◆ **Your task**
Copied exactly and without pictures, the lines from the beginning of the entries through the one that holds "Pogue prepares strengths" should form the entire reply.
Source information Start Marker
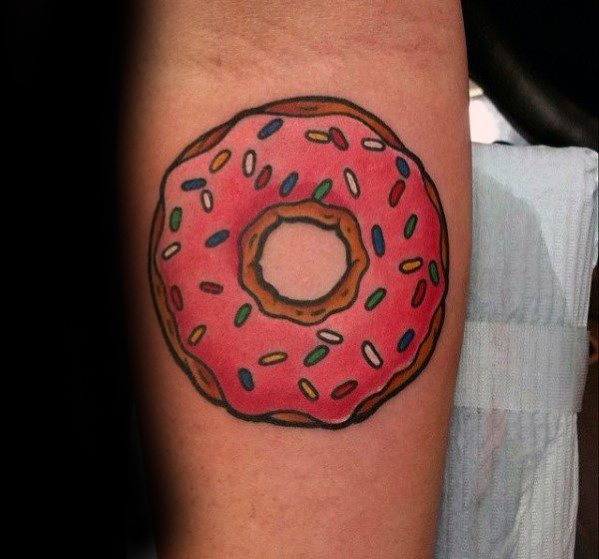 Tattoo of a classic pink frosted donut with colorful sprinkles, bold outlines, and a clean, cartoon-style finish.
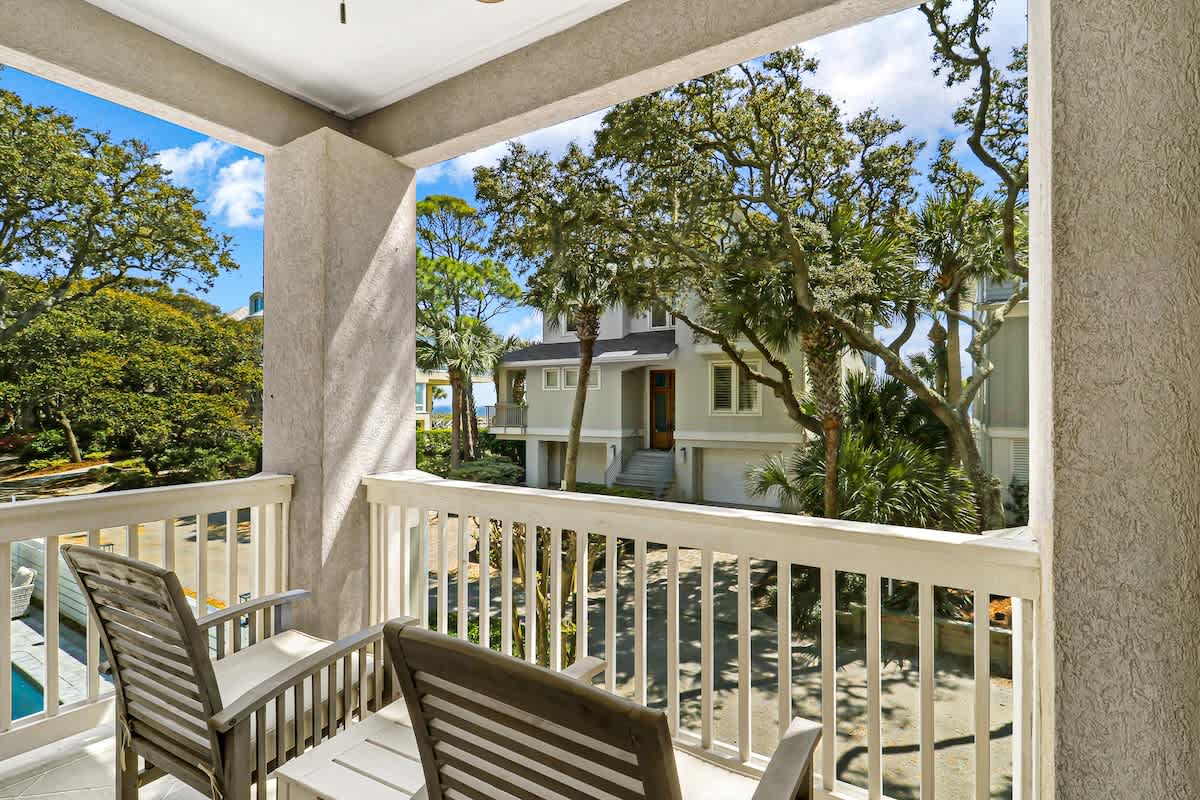 Step onto your shared balcony and breathe in the fresh coastal air while enjoying views of lush tropical trees and peaceful neighborhood charm.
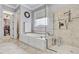 Elegant bathroom featuring a soaking tub, glass-enclosed shower, and access to a spacious walk-in closet at 1605 Hunting Ridge Rd, Raleigh, NC 27615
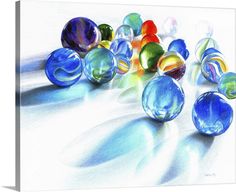 colored glass marbles sitting on top of a white surface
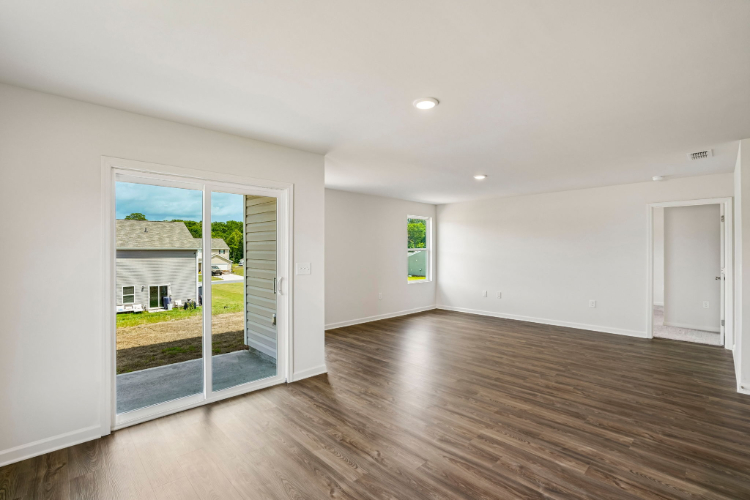 A room with a wood floor and white walls.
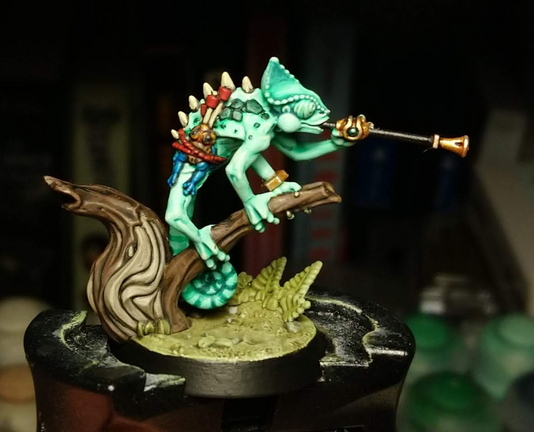 A miniature seraphon chameleon skink, a green-skinned reptile humanoid. He is perched on a branch, wielding a blowpipe. He wears gold jewellery, and has a poison arrow frog strapped to his side, used as a pouch to carry his blowpipe darts.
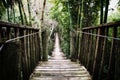 Old wooden suspension bridge over river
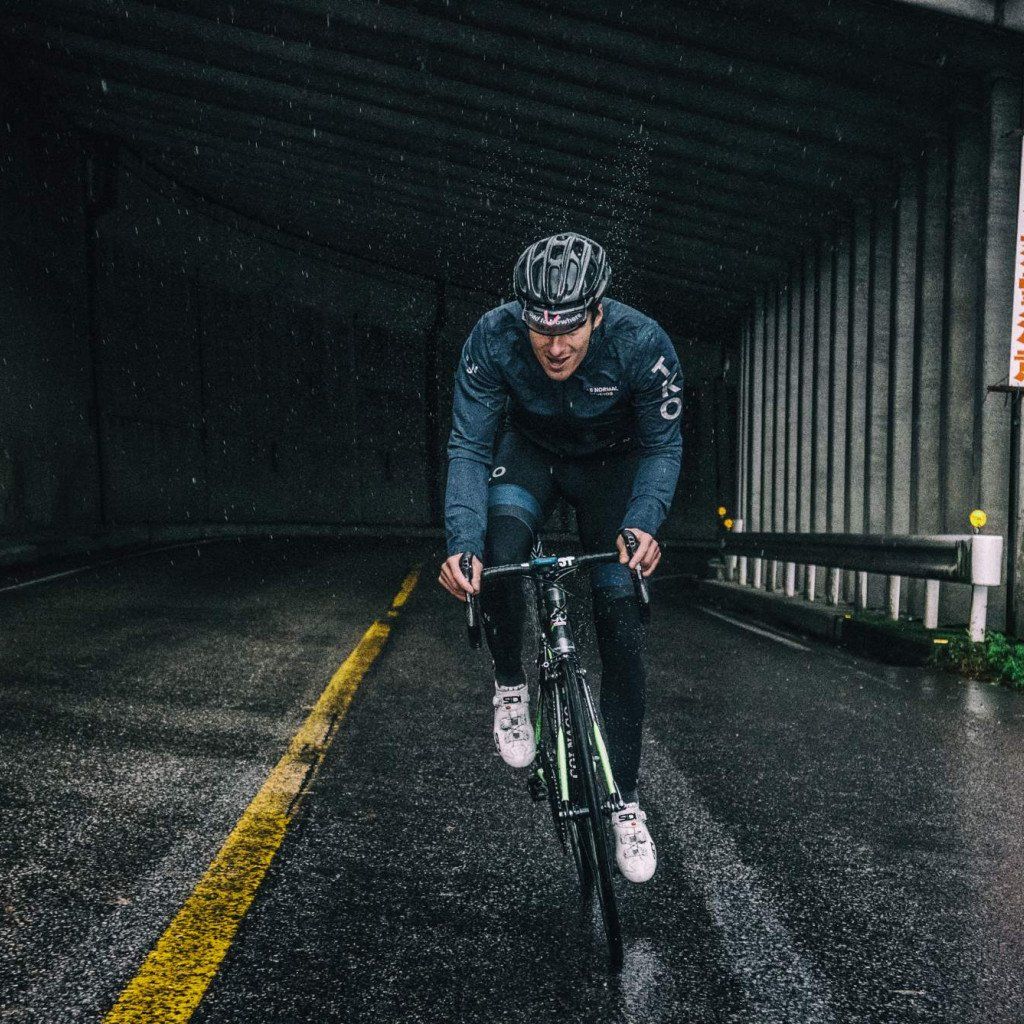 Model wearing dark blue cycling kit on time trial bike in rainy tunnel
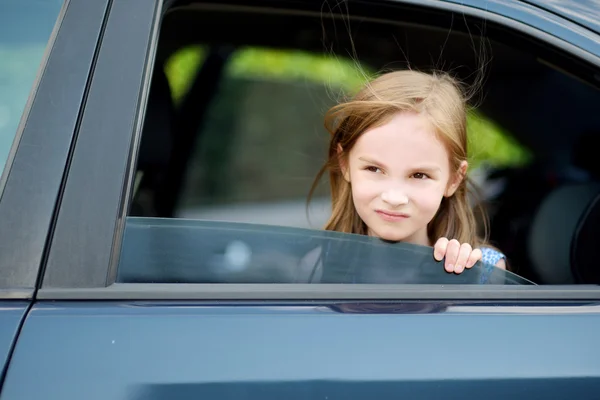 Meisje steekt haar hoofd uit de auto — Stockfoto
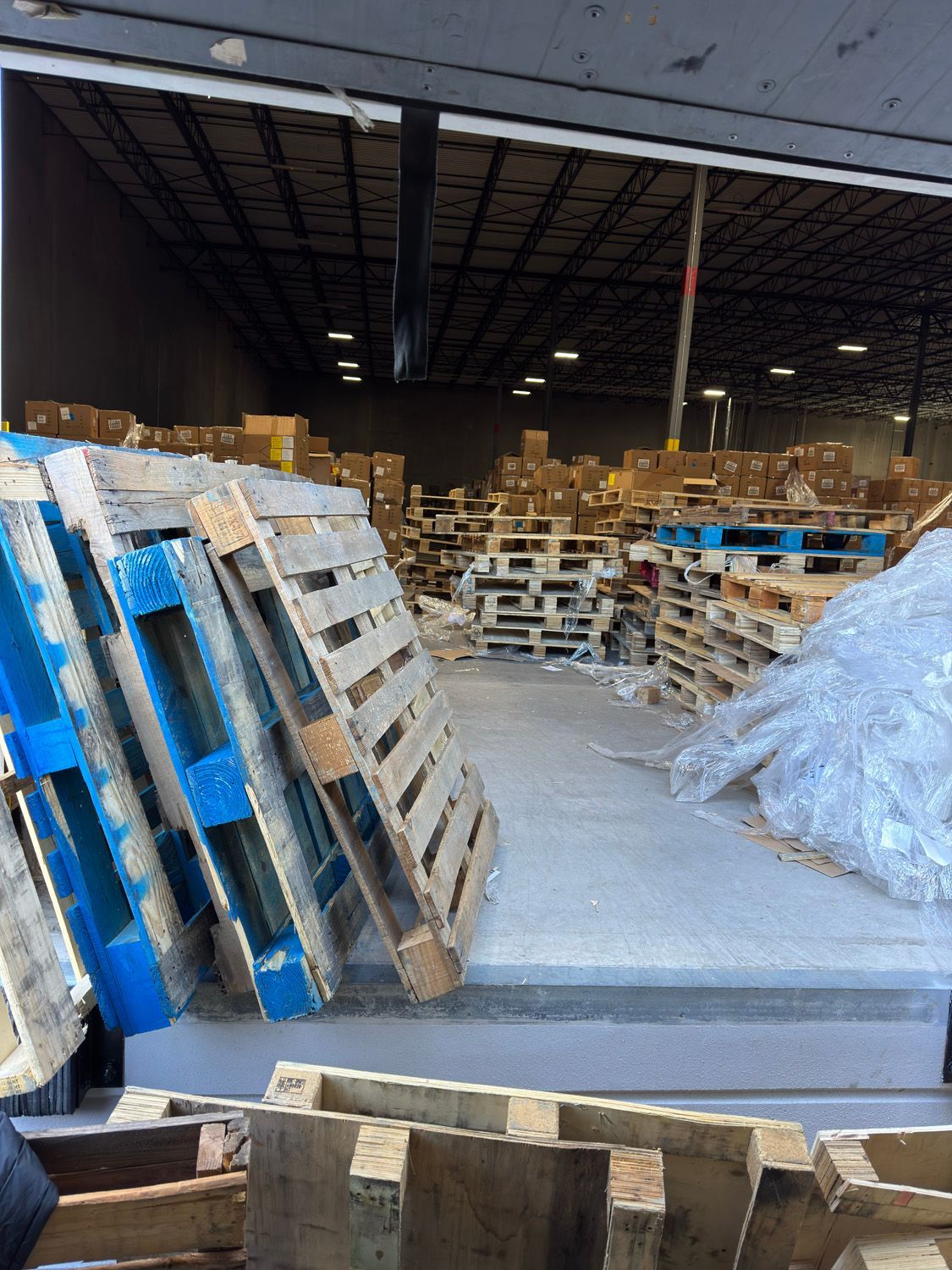 Warehouse aisle with stacked wooden pallets and shrink-wrapped goods under a dark ceiling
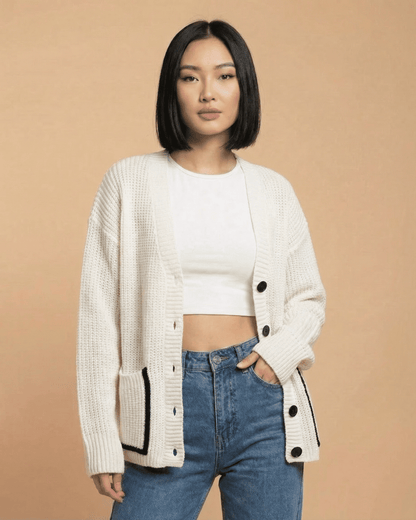 Elara Cardigan by Slimona, loose fit V-neck color block knit cardigan in cream with black accents.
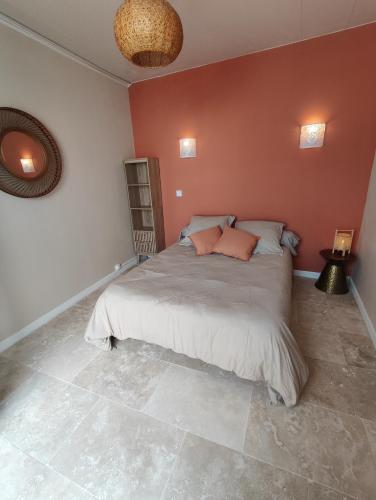 une chambre avec un grand lit aux murs rouges dans l'établissement Chambre cabane de charme, terrasse et spa privé, à Valras-Plage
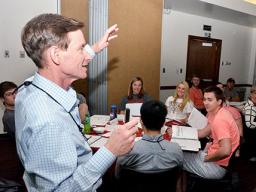Pogue prepares strengths coaches to assist student peers.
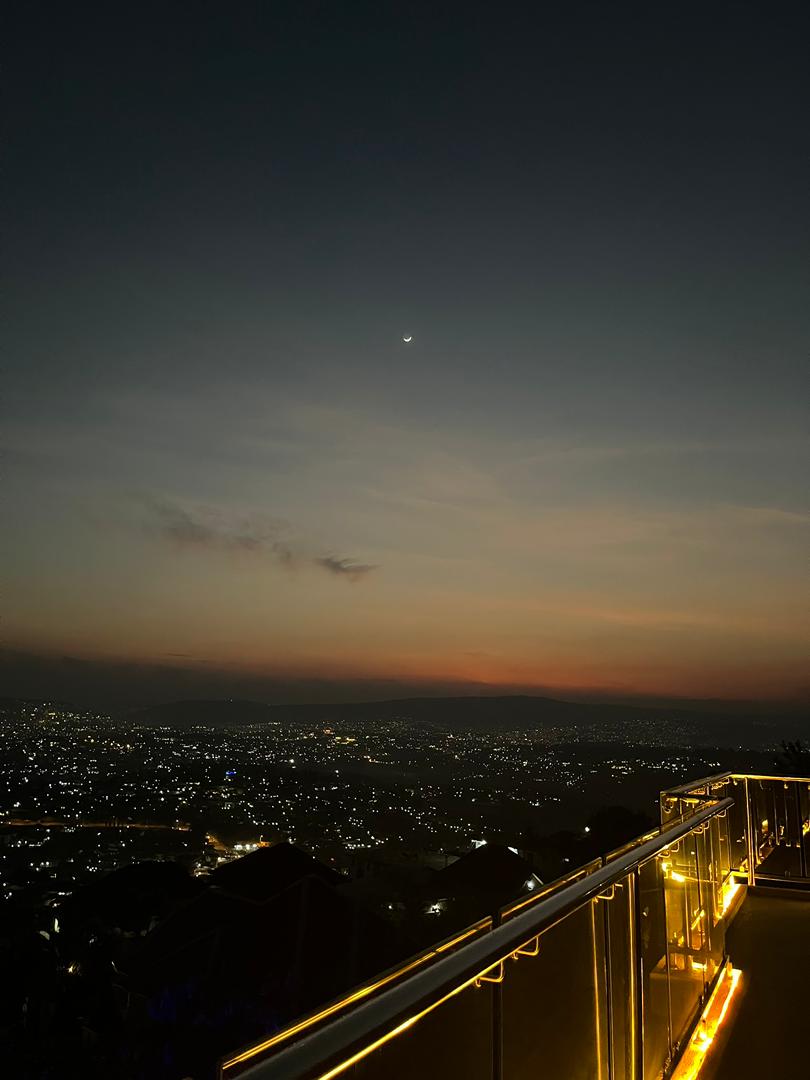 Night view from the balcony with lights across the valley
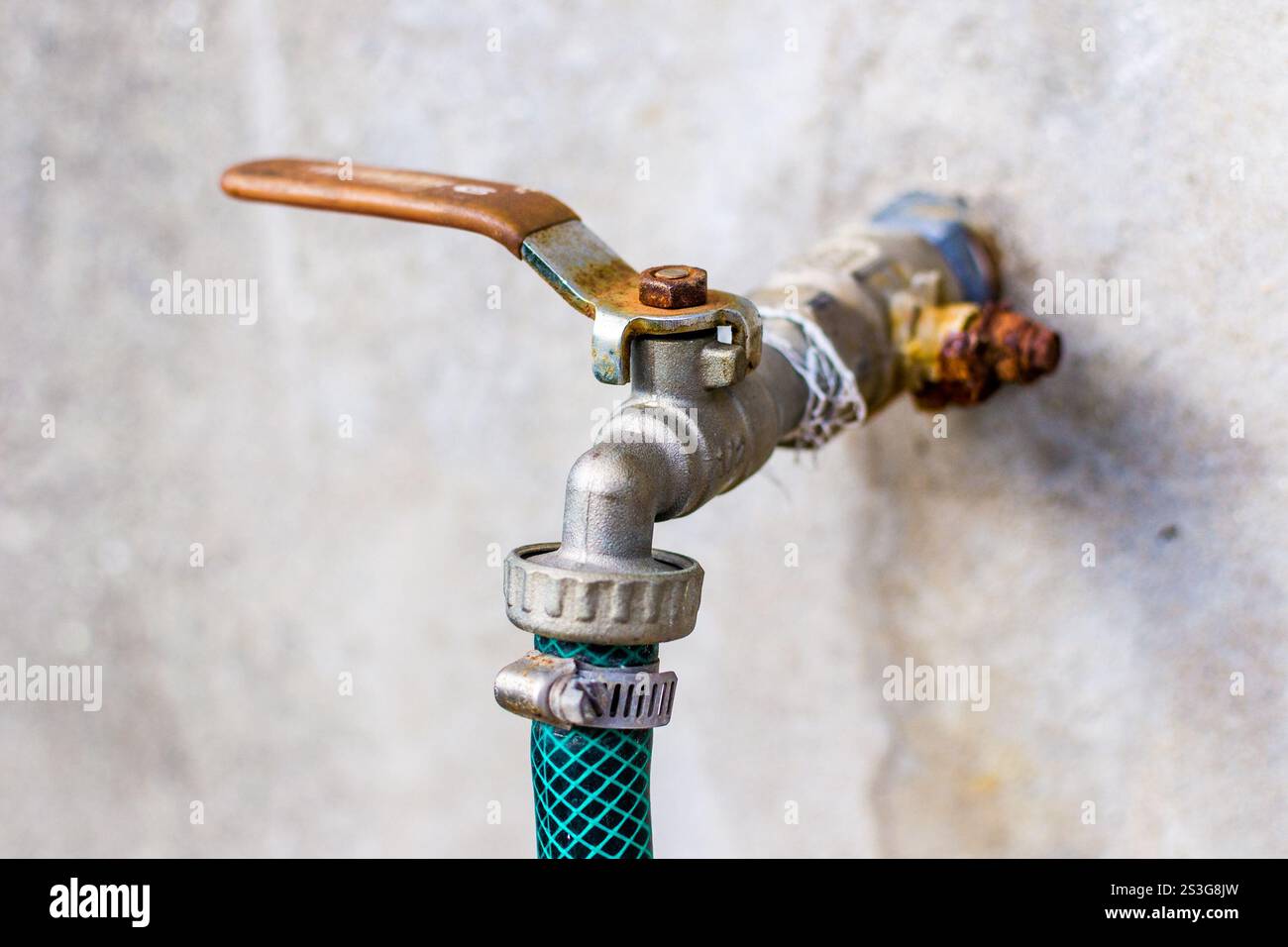 Water tap on the wall Stock Photo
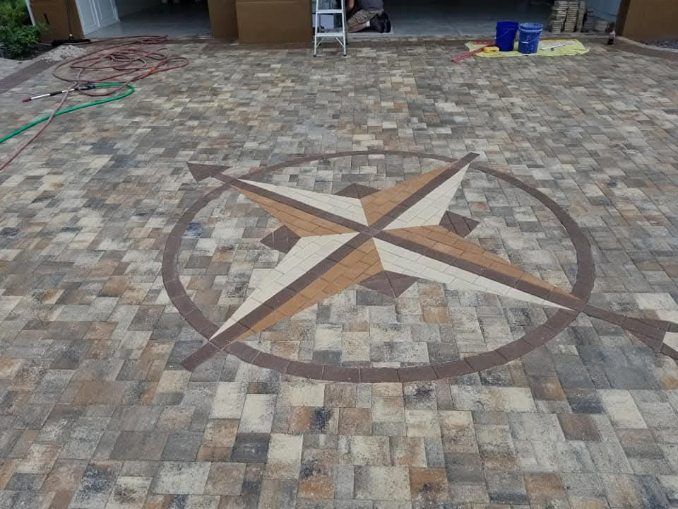 A compass rose inlay of beige and brown pavers centered in a multi-toned stone driveway.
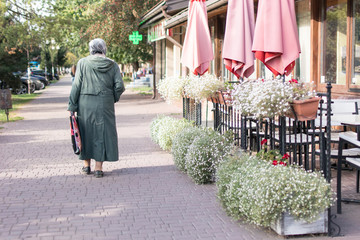 Grandmother pensioner walking down the street.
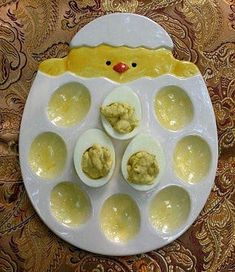 an egg tray with deviled eggs in it and a rubber ducky face on top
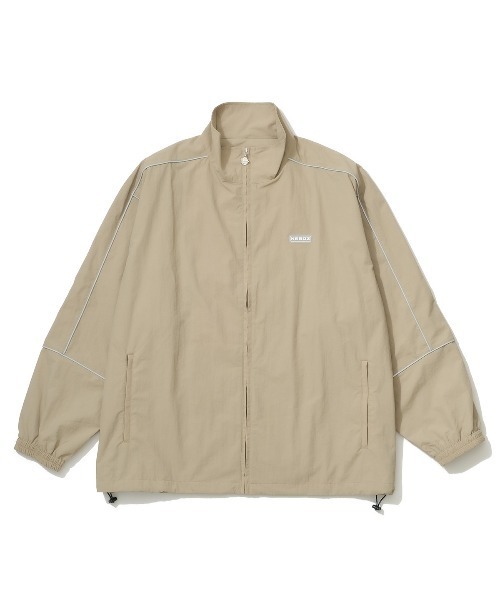 KEBOZ（ケボズ）の「REFLECTOR PIPING NYLON TRACK JACKET（ナイロン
Source information End Marker
◆ **Answer space**
 Tattoo of a classic pink frosted donut with colorful sprinkles, bold outlines, and a clean, cartoon-style finish.
 Step onto your shared balcony and breathe in the fresh coastal air while enjoying views of lush tropical trees and peaceful neighborhood charm.
 Elegant bathroom featuring a soaking tub, glass-enclosed shower, and access to a spacious walk-in closet at 1605 Hunting Ridge Rd, Raleigh, NC 27615
 colored glass marbles sitting on top of a white surface
 A room with a wood floor and white walls.
 A miniature seraphon chameleon skink, a green-skinned reptile humanoid. He is perched on a branch, wielding a blowpipe. He wears gold jewellery, and has a poison arrow frog strapped to his side, used as a pouch to carry his blowpipe darts.
 Old wooden suspension bridge over river
 Model wearing dark blue cycling kit on time trial bike in rainy tunnel
 Meisje steekt haar hoofd uit de auto — Stockfoto
 Warehouse aisle with stacked wooden pallets and shrink-wrapped goods under a dark ceiling
 Elara Cardigan by Slimona, loose fit V-neck color block knit cardigan in cream with black accents.
 une chambre avec un grand lit aux murs rouges dans l'établissement Chambre cabane de charme, terrasse et spa privé, à Valras-Plage
Pogue prepares strengths coaches to assist student peers.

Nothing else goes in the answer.